ODTÜ’ye nasıl girdiysen öyle girersin ancak
Konuşmanın önemli çıkışlarından birini de Gezi Parkı ile ilgili yapan Tayyip sanki düne kadar orayı yıkmak isteyen kendisi değilmiş gibi “Ben de dün Üsküdar’da bir parktaydım. 1,5 saat sohbet ettim, çay içtik, kuruyemiş ikram ettiler. Yakında da Gezi Parkı’nda yaparız. Gençliğimiz orada geçti.” dedi. Tabii akıllara hemen başbakanın ODTÜ’ye girişi ve yaşanan olaylar geliyor. 
 
Ha şunu bileydin!
Başbakan son olarak önemli bir gerçeğe değinerek konuşmasını tamamladı. Hepimiz 2 metreküplük mezara gideceğiz.

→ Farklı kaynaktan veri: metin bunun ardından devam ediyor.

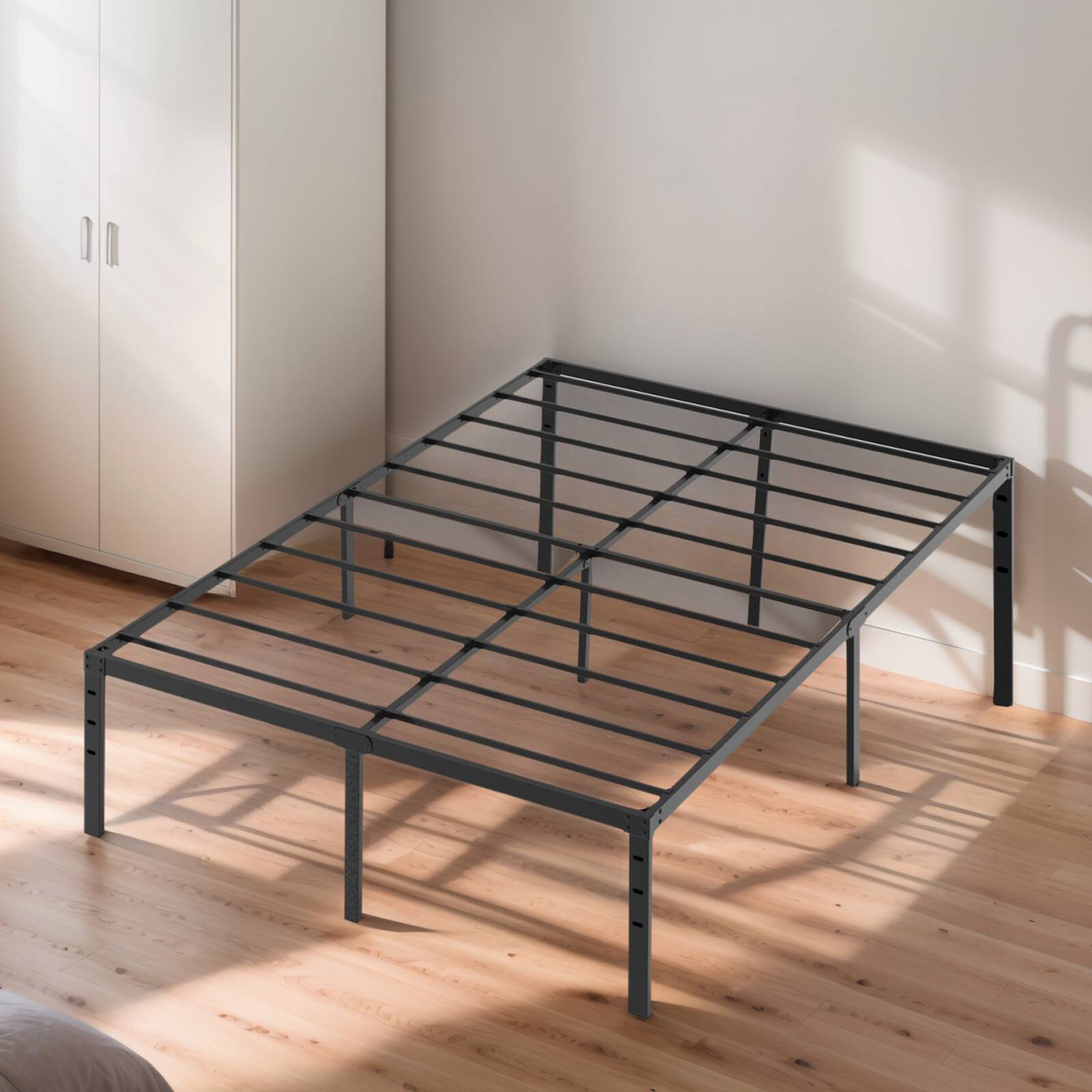 Alt View 6. Winado - 14 Inch Twin Full Queen King Metal Bed Frame Metal Platform Heavy Duty Metal Platform, No Box Spring Needed - Black.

Adama sorarlar ‘bu kavga ne diye’.” Tabi bu ifadeleri başta kendisinin ve en yakın çevresinin olmak üzere bütün yandaşlarının servetlerine servet katan bir başbakandan duymak oldukça komik durdu. Ama yine de şunu sormak lazım başbakana: “2 metreküpçük bir çukura oğlunun gemiciğini nasıl sığdıracaksınız?”